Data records
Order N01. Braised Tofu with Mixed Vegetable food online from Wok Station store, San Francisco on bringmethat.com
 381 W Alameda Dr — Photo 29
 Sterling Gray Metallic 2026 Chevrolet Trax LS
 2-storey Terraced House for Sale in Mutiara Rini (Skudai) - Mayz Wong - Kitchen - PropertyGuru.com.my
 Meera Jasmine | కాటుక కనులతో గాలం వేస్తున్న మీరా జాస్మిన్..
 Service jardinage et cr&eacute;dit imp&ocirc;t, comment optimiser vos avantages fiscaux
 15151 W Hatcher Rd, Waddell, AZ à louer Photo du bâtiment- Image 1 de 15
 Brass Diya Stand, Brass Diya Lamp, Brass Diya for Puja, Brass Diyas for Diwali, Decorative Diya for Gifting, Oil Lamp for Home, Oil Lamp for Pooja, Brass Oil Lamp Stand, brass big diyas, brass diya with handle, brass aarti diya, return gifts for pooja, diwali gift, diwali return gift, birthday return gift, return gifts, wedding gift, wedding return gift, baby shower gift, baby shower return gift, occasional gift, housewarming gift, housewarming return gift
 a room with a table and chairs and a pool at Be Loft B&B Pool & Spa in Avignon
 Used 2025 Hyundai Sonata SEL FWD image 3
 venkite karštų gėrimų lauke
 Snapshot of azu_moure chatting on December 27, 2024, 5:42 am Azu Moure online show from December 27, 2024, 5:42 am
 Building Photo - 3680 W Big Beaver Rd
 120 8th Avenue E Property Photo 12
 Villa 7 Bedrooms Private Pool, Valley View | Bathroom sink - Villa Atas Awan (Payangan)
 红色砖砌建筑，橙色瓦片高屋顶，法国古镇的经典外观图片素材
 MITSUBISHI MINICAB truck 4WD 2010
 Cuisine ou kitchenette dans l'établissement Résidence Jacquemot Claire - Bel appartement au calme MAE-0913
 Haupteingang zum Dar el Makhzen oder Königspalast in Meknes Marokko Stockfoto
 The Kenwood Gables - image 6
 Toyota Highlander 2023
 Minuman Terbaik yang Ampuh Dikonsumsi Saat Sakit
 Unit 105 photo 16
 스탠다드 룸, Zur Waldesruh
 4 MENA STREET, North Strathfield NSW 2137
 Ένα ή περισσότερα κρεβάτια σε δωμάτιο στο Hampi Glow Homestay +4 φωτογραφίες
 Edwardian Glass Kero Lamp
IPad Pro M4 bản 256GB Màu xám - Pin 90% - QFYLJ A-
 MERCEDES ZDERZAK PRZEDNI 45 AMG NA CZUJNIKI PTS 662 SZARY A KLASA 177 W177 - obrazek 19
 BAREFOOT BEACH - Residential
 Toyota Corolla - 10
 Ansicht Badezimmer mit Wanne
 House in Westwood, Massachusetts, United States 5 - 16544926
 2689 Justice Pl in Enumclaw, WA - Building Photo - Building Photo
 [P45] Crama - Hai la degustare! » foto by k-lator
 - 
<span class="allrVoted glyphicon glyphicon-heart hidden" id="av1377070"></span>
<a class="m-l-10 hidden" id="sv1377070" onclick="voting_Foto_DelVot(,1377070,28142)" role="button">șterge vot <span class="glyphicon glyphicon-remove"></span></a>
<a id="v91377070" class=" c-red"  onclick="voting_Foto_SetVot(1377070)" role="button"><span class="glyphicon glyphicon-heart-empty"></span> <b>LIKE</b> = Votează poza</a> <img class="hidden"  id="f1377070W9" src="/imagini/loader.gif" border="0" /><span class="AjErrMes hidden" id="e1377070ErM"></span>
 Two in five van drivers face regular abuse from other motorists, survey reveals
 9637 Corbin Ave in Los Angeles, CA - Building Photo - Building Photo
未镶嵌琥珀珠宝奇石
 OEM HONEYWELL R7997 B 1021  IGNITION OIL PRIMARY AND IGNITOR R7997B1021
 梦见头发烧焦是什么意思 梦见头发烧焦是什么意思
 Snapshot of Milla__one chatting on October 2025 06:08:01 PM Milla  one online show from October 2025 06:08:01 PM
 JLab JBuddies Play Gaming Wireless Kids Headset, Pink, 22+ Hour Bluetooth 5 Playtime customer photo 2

Task prompt:
Which lines in the data above hold the string "span"? Return each of them.

Answer to this exercise:
<span class="allrVoted glyphicon glyphicon-heart hidden" id="av1377070"></span>
<a class="m-l-10 hidden" id="sv1377070" onclick="voting_Foto_DelVot(,1377070,28142)" role="button">șterge vot <span class="glyphicon glyphicon-remove"></span></a>
<a id="v91377070" class=" c-red"  onclick="voting_Foto_SetVot(1377070)" role="button"><span class="glyphicon glyphicon-heart-empty"></span> <b>LIKE</b> = Votează poza</a> <img class="hidden"  id="f1377070W9" src="/imagini/loader.gif" border="0" /><span class="AjErrMes hidden" id="e1377070ErM"></span>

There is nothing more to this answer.